При нашем первом представлении генералу меня удивила приемная комната его. Не то зала, не то столовая, а больше похожа на манеж. В дальнем углу стояла одиноко дюжина кресел и больше ничего, зато по стенам развешено было до ста ламп, которые, говорят, зажигались каждый вечер и на освещение употреблялось лучшее прованское масло. При нашем входе мы заметили человека на противоположном конце залы, и адъютант, нас принявший, сказал нам, что это сам генерал Вельяминов. Он был в черном шелковом архалуке, белый воротник его рубахи лежал на плечах отогнутый, а Георгиевский крест 3-й степени висел на своем месте. Сложа руки назад, он медленно подходил к нам и, приблизившись, с поклоном указал нам рукой кресла, чтоб мы сели. Мы думали, что он начнет нам обычной фразой, подобно Сулиме: "Я получил высочайшее повеление" и прочее, по он обратился к нам просто по-французски:
-- Кто из вас, господа, Нарышкин?
И когда тот назвал себя, генерал продолжал:
-- Супруга ваша -- дочь графа Петра Петровича Коновницына? Я имел честь служить с ее отцом в <18>12 году и был при нем в конвое долгое время. Вероятно, супруга ваша скоро приедет сюда,-- прошу вас заранее меня об этом уведомить, чтоб я мог послать ей конвой навстречу и успел бы приготовить ей квартиру.

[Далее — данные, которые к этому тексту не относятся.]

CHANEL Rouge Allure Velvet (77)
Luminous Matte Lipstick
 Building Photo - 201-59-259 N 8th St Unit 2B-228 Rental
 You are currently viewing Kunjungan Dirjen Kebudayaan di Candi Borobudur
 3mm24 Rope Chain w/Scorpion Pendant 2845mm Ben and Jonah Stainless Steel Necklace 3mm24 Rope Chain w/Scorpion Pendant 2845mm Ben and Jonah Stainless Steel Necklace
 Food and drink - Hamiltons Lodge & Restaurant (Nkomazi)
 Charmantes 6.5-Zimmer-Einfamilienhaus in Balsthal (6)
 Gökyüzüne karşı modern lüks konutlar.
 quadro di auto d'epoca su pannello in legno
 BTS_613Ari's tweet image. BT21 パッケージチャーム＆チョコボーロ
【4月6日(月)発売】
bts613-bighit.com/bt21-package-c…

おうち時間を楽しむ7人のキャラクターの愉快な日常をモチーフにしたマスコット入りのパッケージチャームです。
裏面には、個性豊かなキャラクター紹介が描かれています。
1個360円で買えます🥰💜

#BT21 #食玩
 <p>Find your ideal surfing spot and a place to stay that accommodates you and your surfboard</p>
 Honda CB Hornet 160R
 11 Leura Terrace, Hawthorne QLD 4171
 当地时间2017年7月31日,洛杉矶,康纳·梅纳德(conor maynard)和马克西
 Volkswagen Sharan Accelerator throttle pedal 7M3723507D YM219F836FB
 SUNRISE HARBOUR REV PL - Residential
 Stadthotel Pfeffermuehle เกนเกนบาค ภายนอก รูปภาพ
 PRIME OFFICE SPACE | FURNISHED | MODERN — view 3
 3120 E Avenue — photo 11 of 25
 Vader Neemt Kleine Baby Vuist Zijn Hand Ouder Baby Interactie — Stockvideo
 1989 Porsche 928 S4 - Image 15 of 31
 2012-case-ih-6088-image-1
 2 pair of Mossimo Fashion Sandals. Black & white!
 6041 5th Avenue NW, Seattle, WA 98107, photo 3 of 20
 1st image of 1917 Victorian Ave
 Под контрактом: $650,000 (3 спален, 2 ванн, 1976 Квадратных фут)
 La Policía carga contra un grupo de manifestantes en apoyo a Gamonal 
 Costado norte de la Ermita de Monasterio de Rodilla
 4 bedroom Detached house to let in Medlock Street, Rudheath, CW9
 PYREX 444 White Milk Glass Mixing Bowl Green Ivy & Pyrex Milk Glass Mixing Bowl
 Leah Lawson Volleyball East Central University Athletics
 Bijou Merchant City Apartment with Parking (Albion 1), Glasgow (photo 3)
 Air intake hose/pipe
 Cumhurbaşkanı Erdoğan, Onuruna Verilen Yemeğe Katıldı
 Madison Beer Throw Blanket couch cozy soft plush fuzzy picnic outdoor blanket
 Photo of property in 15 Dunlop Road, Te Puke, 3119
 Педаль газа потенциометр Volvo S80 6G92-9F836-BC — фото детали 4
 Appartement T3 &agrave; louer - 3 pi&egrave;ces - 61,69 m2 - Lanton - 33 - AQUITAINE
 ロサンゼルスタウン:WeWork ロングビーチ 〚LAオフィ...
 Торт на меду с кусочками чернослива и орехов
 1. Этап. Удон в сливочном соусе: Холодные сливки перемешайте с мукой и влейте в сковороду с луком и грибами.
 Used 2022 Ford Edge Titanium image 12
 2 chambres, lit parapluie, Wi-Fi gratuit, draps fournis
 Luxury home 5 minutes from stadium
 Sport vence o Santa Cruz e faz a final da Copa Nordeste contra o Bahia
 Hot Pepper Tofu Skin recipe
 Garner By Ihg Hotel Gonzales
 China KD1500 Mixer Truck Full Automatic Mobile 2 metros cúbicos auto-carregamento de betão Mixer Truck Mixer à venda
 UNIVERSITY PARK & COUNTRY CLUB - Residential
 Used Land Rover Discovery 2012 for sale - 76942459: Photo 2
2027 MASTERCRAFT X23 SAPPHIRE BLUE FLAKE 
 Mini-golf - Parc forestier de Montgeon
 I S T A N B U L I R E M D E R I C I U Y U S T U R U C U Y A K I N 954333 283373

Михаил Михайлович Нарышкин благодарил генерала за такую деликатную вежливость. Вельяминов продолжал:
-- Ежели у нас начнутся экспедиции на правом фланге, я пошлю вас туда, ежели на левом, я переведу вас в действующие отряды, а потом наше дело будет постараться освободить вас как можно скорее от вашего незавидного положения.
После этого генерал поклонился нам и вышел.